◆ **PROVIDED ENTRIES**
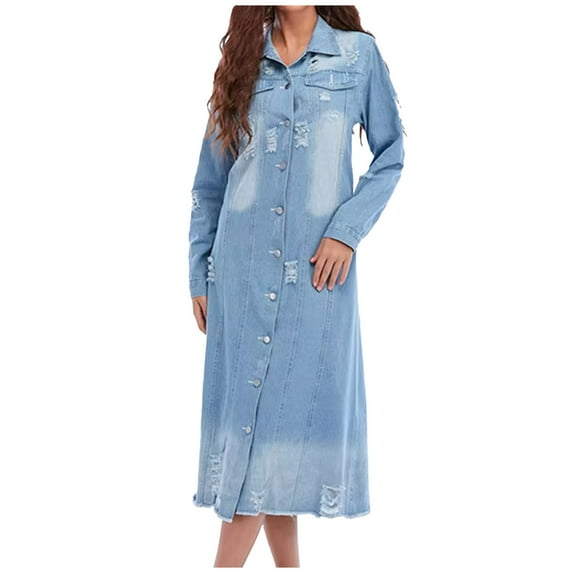 Oksale Ripped Maxi Denim Jackets for Women Plus Size Distressed Frayed Jean Jackets Vintage Button Down Overcoat with Pockets Fashion Coat Blue S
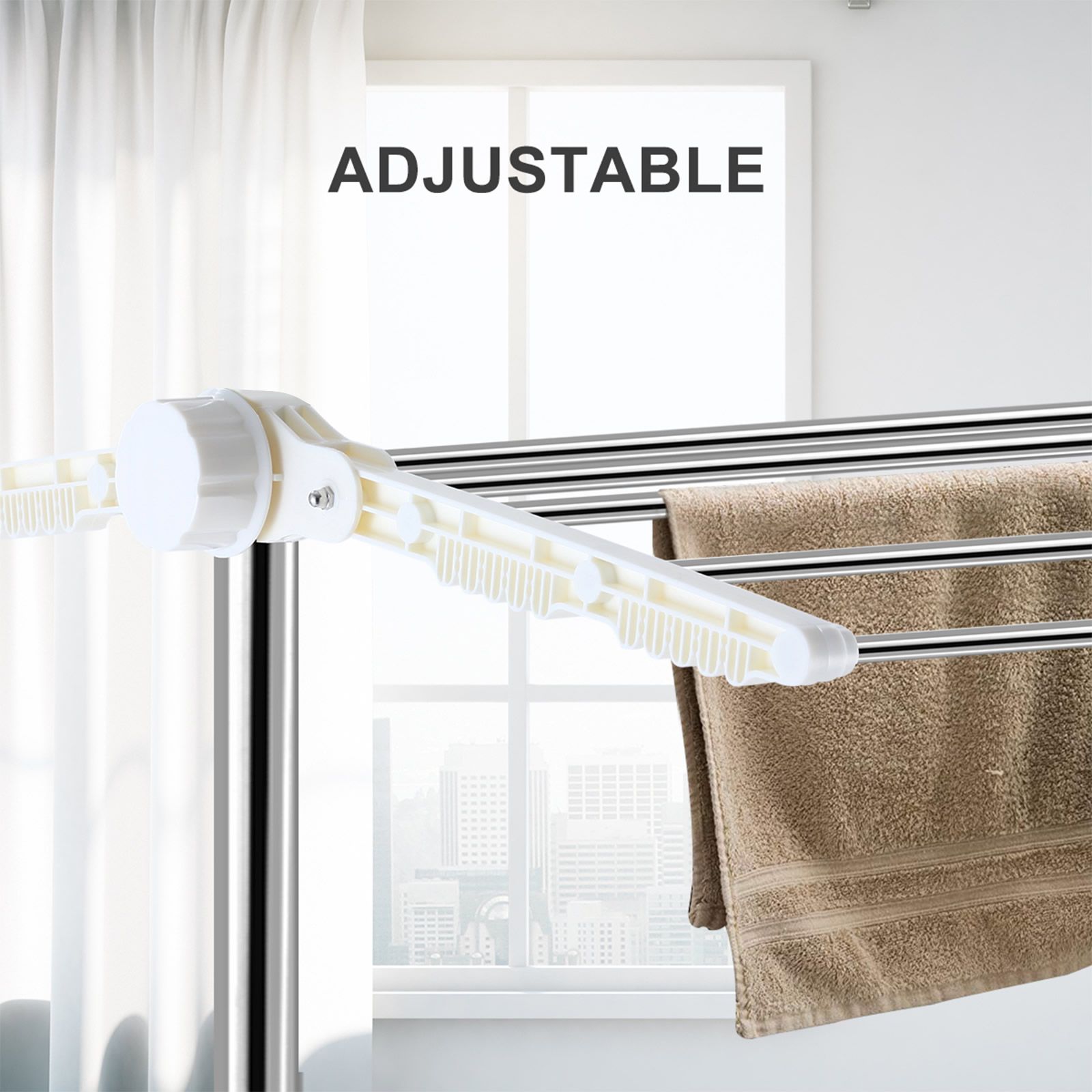 4 Tier Clothes Airer Clothing Drying Rack Cloth Coat Pants Hanger Portable Standing Foldable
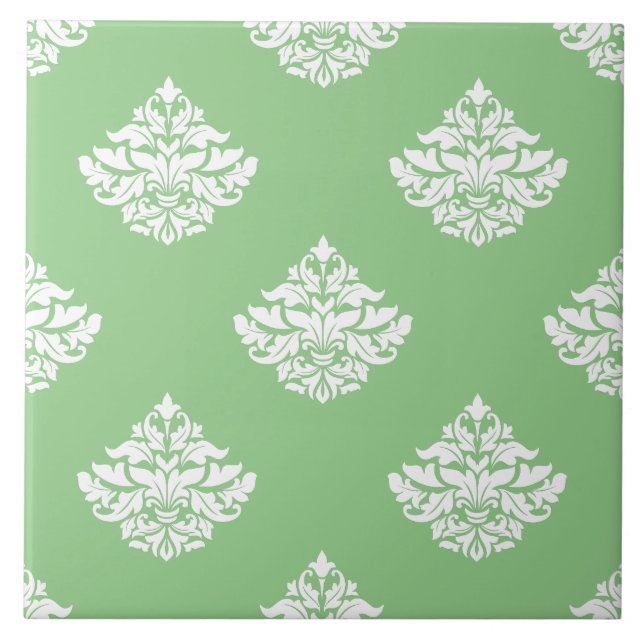 Pretty sage green Victorian floral pattern kitchen Ceramic Tile (Front)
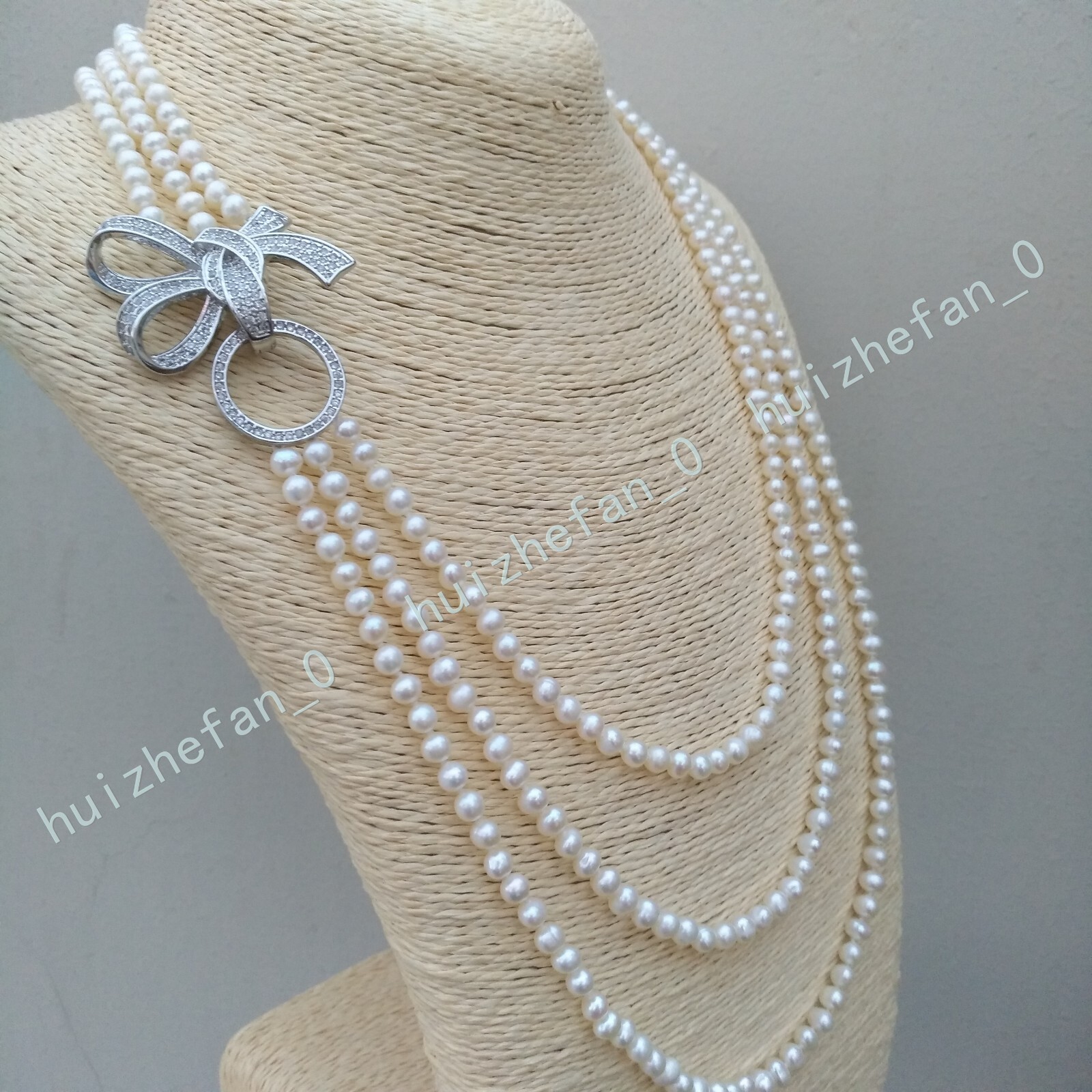 17inch/43cm Exceptional Triple Strands 6-5mm Akoya White Pearl Necklace 14KGP
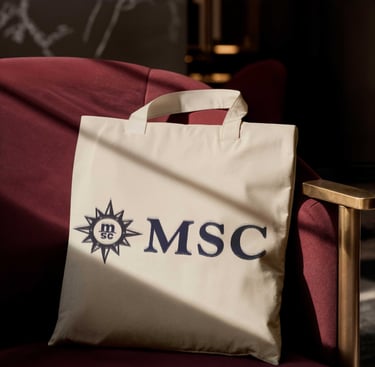 Bolsas de tela ecofriendly estampadas con logo para merchandising empresarial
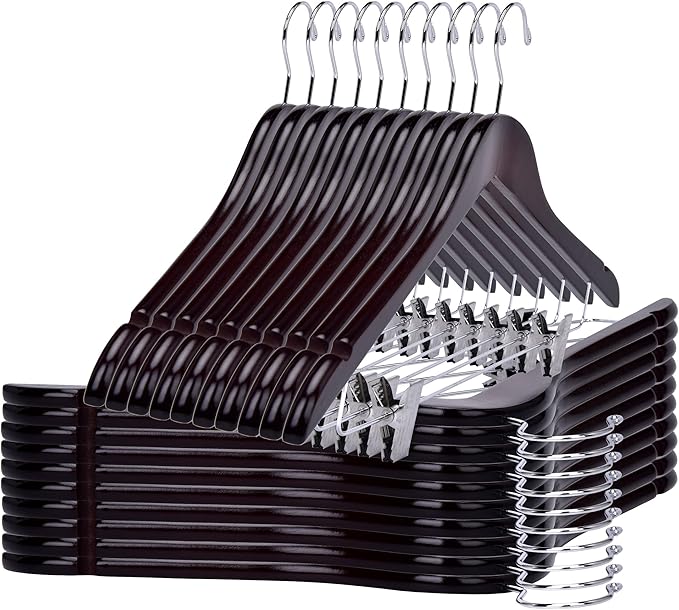 Quality Wooden Skirt Hangers with Clips 80-Pack Mahogany Pants Hangers with Adjustable Chrome Metal Clips, Swivel Hook, Coat, Jacket, Blouse Suit Hangers (Mahogany, 80)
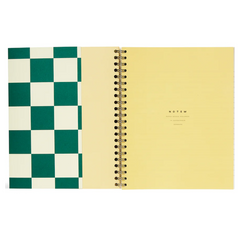 Nela Medium Wirebound Spiral Notebook in Green Check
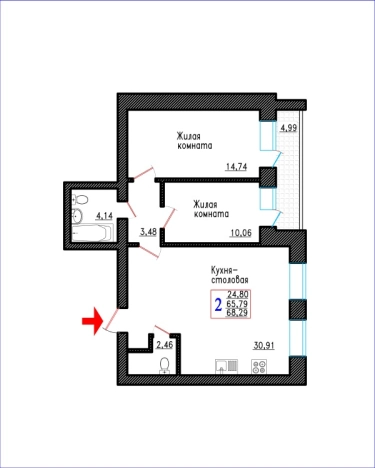 Купить двухкомнатную квартиру в ЖК Славяноград в Воронежской области. Вариант № 85946, 0, площадь -  квм, цена 6100600 рублей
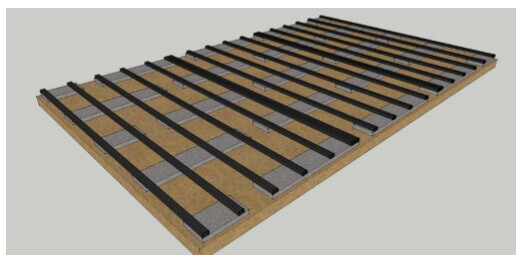 Wooden slatted base: wooden frame with many black slats, mattress not present.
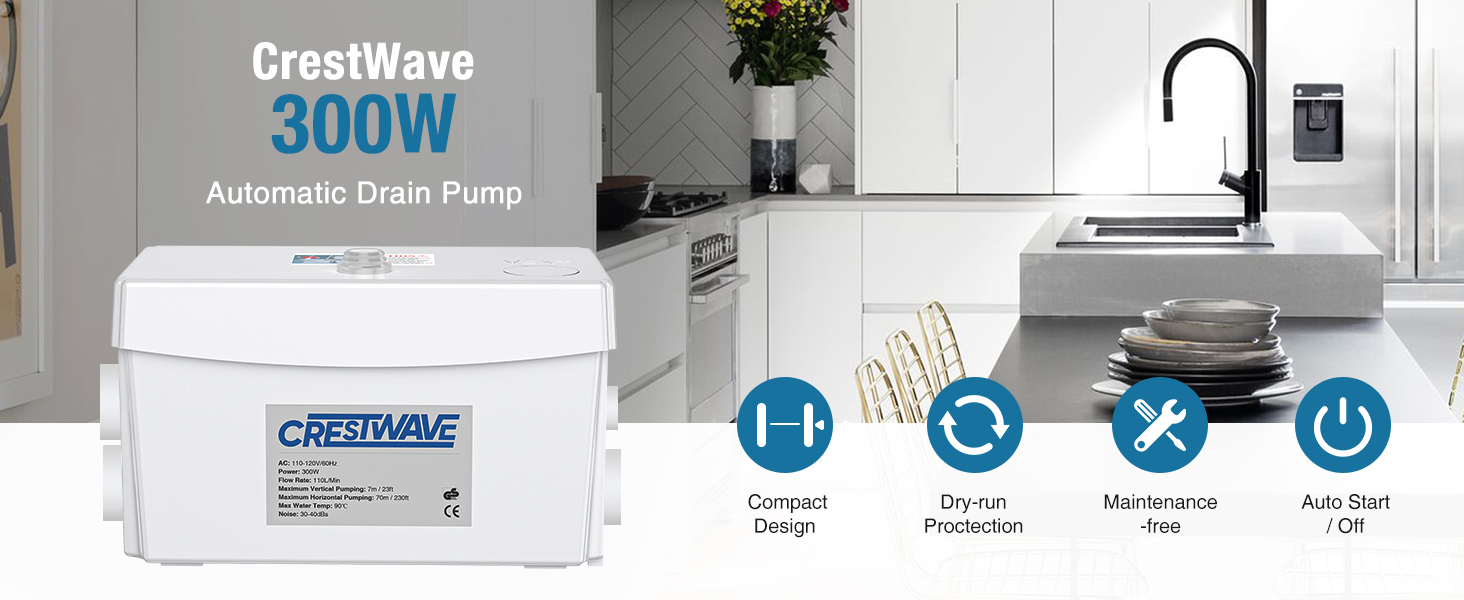 CrestWave 300W automatic drain pump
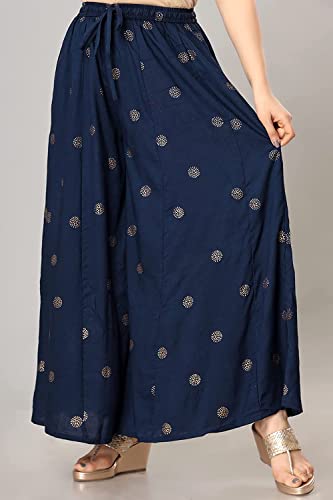 Image of Rayon Gold Print Skirt Palazzo || Rayon Palazzo || Skirt Palazzo || GOLDPRINT Skirt Palazzo || Multicolour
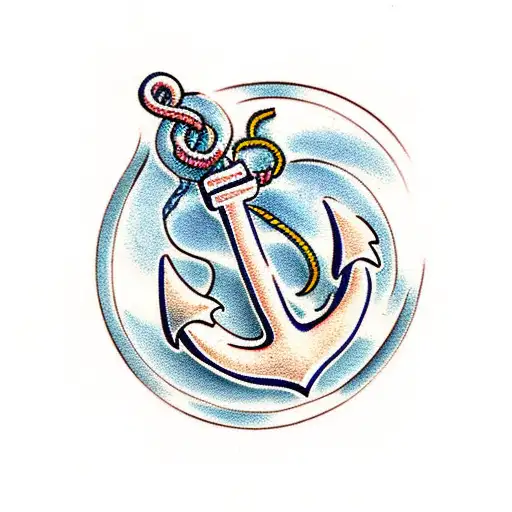Anchor With Navy Ship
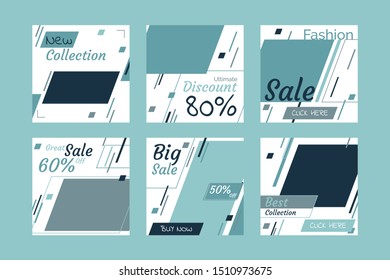 Online template for social media content on website or application in vector file
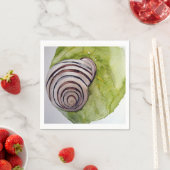 Serviette Papier Blatt und Schnecke im Aquarell (Beispiel)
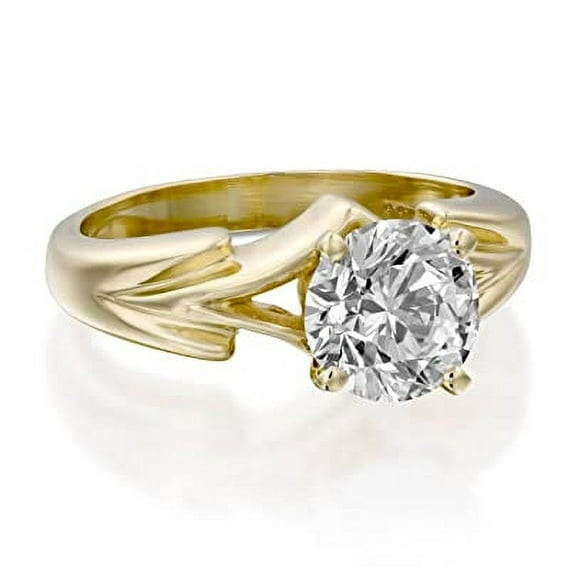 HeartsAndYou Solitaire Promise Engagement Ring for Women 2ct Round Cut Moissanite 18k Yellow Gold over Silver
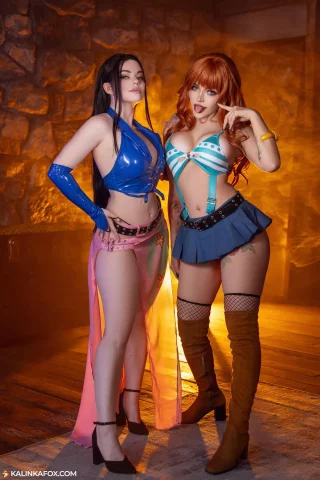 Nami and Nico Robin by KalinkaFox and AshenReina [One Piece]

◆ **EXERCISE BRIEF**
Exactly as they appear, repeat the lines from the one containing "Anchor With Navy Ship" through the last line of the entries, counting both ends. Pictures stay out.

◆ **REPLY**
Anchor With Navy Ship
 Online template for social media content on website or application in vector file
 Serviette Papier Blatt und Schnecke im Aquarell (Beispiel)
 HeartsAndYou Solitaire Promise Engagement Ring for Women 2ct Round Cut Moissanite 18k Yellow Gold over Silver
 Nami and Nico Robin by KalinkaFox and AshenReina [One Piece]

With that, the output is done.